Providing jobs, providing relief
After Sept. 11, the roofing industry banded together to provide relief following a national tragedy. And it's doing so again in the wake of Hurricane Katrina (see "Giving cheerfully," page 82). But providing funds may not be the only way to help victims of the hurricane—another option is to provide jobs to the thousands of displaced survivors.
To help employers locate survivors seeking jobs, the U.S. Department of Labor has created a job bank to identify workers looking for employment.

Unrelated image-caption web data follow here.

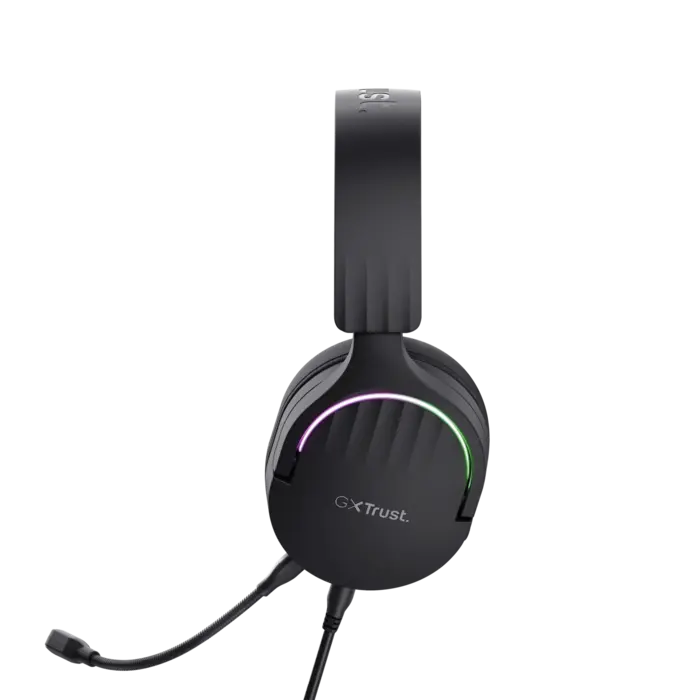 Trust Trust GXT 490 Fayzo Gaming Headset - Zwart - USB 7.1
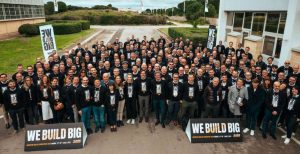 CASE Construction Equipment reúne a su red europea en Lecce noticias maquinaria
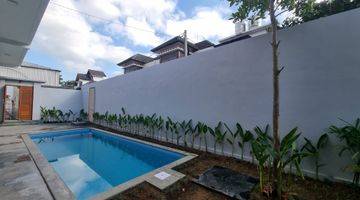 Gambar 1 FRESH BRAND NEW VILLA FOR RENT AT CANGGU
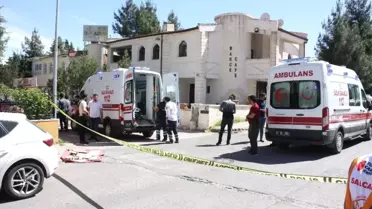 Diyarbakır'da Koca Dehşeti: Otomobilden İnen Eşine Kurşun Yağdırdı
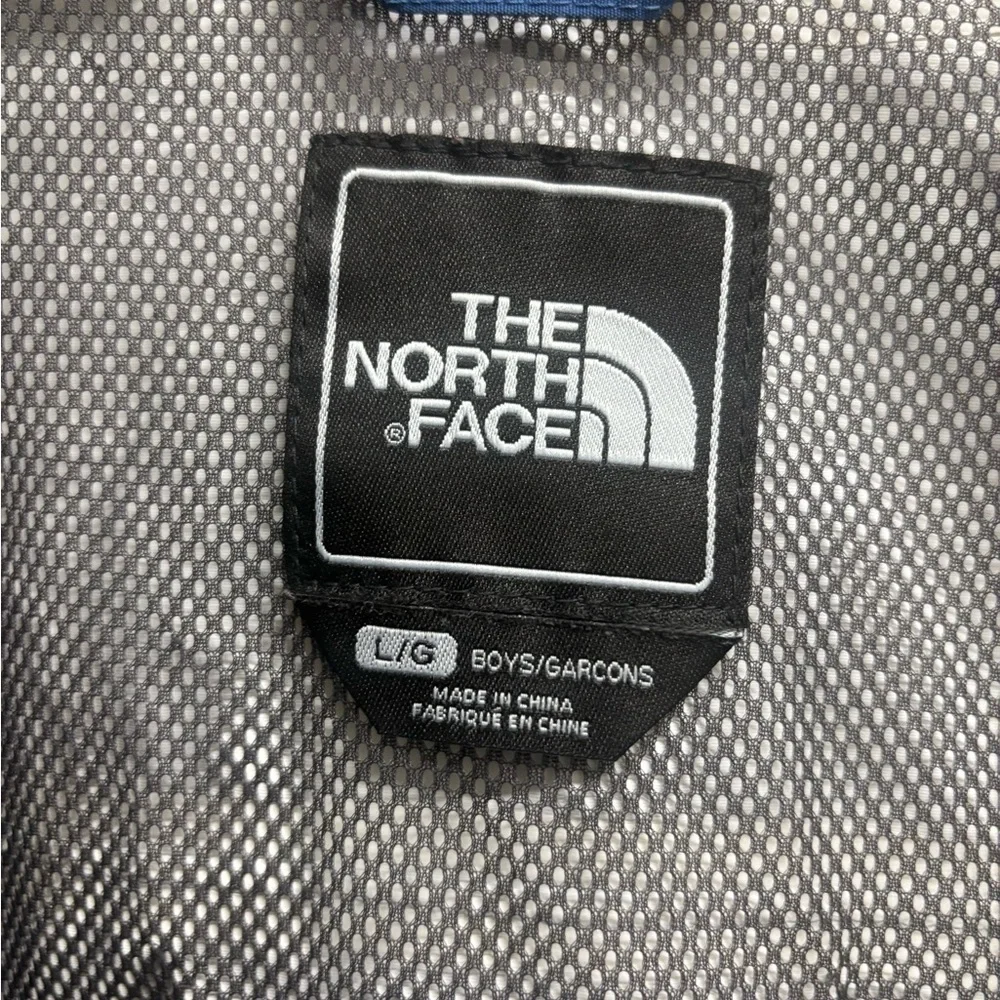 The North Face great north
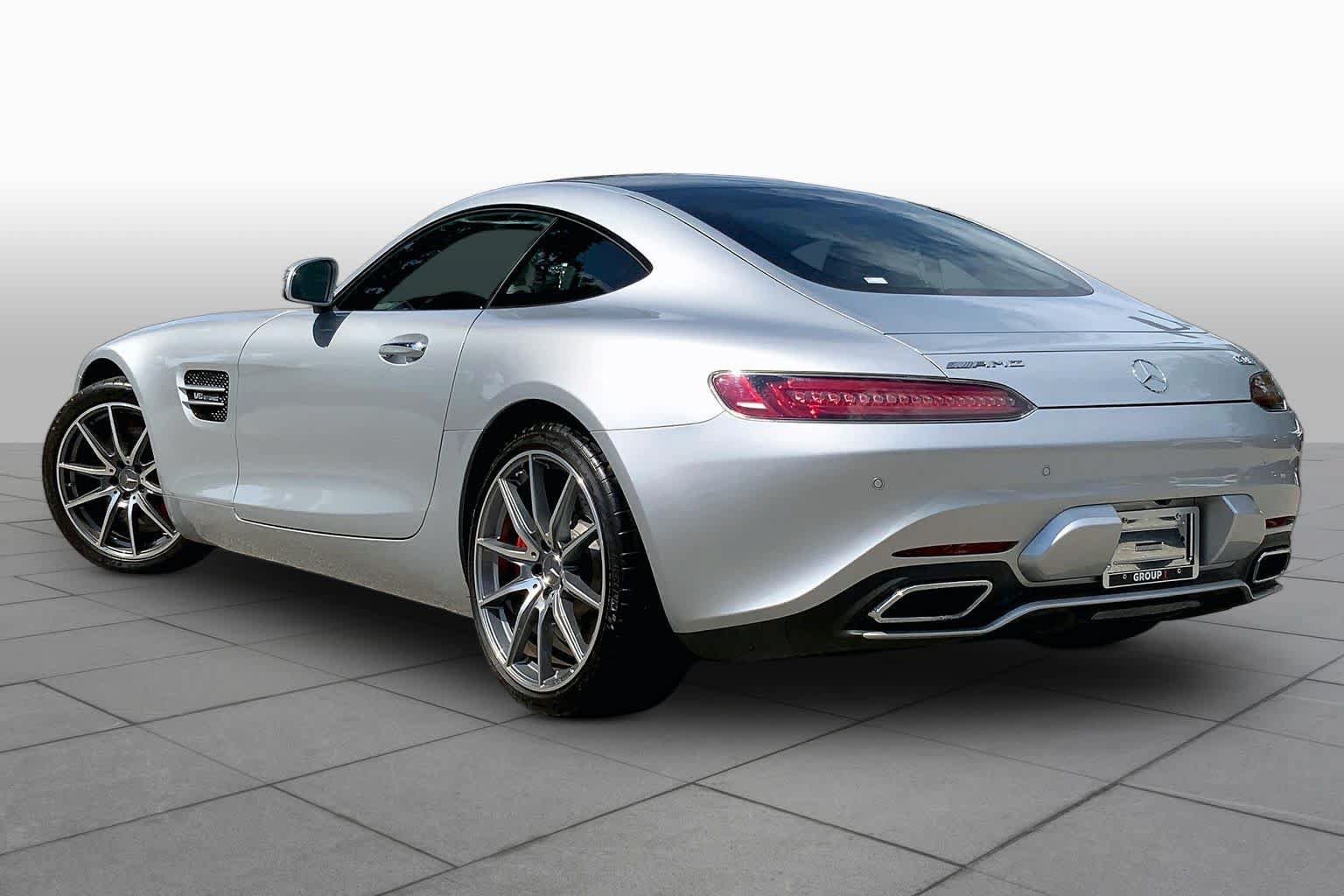 Certified 2016 Mercedes-Benz AMG GT S image 12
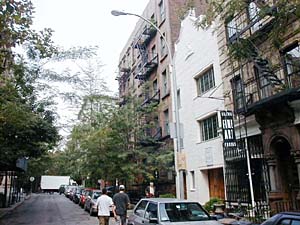 New York T5 - Duplex - Maison citadine appartements location vacances - Appartement r&eacute;f&eacute;rence NY-5448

The Katrina Recovery Job Connection can be accessed at www.jobsearch.org/katrinajobs and is geared toward survivors seeking new, full-time employment in their home state or a new state, survivors wishing to assist in the clean-up and rebuilding efforts through temporary employment, and employers who want to list jobs supporting hurricane recovery efforts or hire hurricane survivors.
"Getting people back to work is what this department does," says U.S. Secretary of Labor Elaine Chao. "Giving people hope in their future is our job."
And because many survivors lost everything they had—even identification—the Department of Homeland Security (DHS) has said it will not sanction employers who are unable to procure I-9 documentation for individuals seeking work following the hurricane. Although the I-9 form still has to be completed, employers can note on the form that an employee is a survivor of Hurricane Katrina. DHS says the change will be in effect until Oct. 24. DHS will determine whether to extend its sanction at that time; updated information will be available on DHS' Web site, www.dhs.gov/dhspublic, in October. (Note that DHS will hold employers and employees liable for knowingly submitting fraudulent forms.)